I’m trying to modify an existing program I have such that it allows the user to select a file, which some python code then processes and some nice plots result. However, I’m really stuck on getting the input from the FileInput reader into a dataframe. My inputs are in relatively standardized xls and xlsx files, but I can’t figure out how I can put them in a dataframe as pd.read_excel expects a link to the file.
Here is the simple code I’m using to try and test my function, I’m sure I’m missing something simple but I’ve spent a fair bit of time trying to figure this out an am not making much headway.

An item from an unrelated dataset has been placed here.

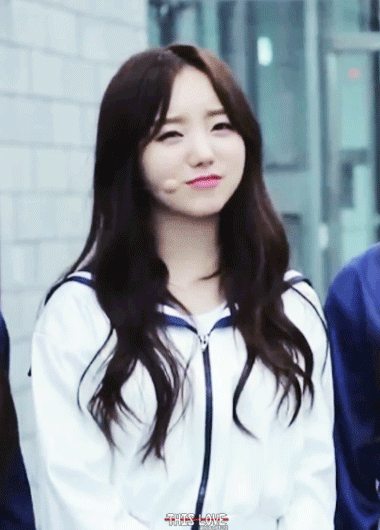 [러블리즈] 점심을 먹었는데 배고파서 케이 | 인스티즈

This one was tough! I feel like I ought to start out by saying that this is really more a pandas/python issue than a Bokeh issue, but I was intrigued by it and went down the rabbithole anyway.
Here’s what I got to work:
from bokeh.io import curdoc
from bokeh.models.widgets import FileInput
from pybase64 import b64decode
import pandas as pd
import io
def upload_fit_data(attr, old, new):
print("fit data upload succeeded")
decoded = b64decode(new)
f = io.BytesIO(decoded)
new_df = pd.read_excel(f)
print(new_df)
file_input = FileInput(accept=".csv,.json,.txt,.pdf,.xls")
file_input.on_change('value', upload_fit_data)
doc=curdoc()
doc.add_root(file_input)
The turning point was finding this buried SO answer that mentioned that xlrd (the engine doing the conversion for the read_excel function) is apparently mis-documented, and rather than wanting a string, it really wants bytes.
Good luck! By the way, if you end up with a working example, we’d love to see it-- keep in touch!
New bokeh user here. This was incredibly helpful ! My relatively simple use-case was to have the user select a file using FileInput widget and plot the contents of select columns on a scatter plot.
When you receive the change signal on the backend, it will already arrive with all the data. So the upload would be complete. Same with the frontend - you receive the event already with the data.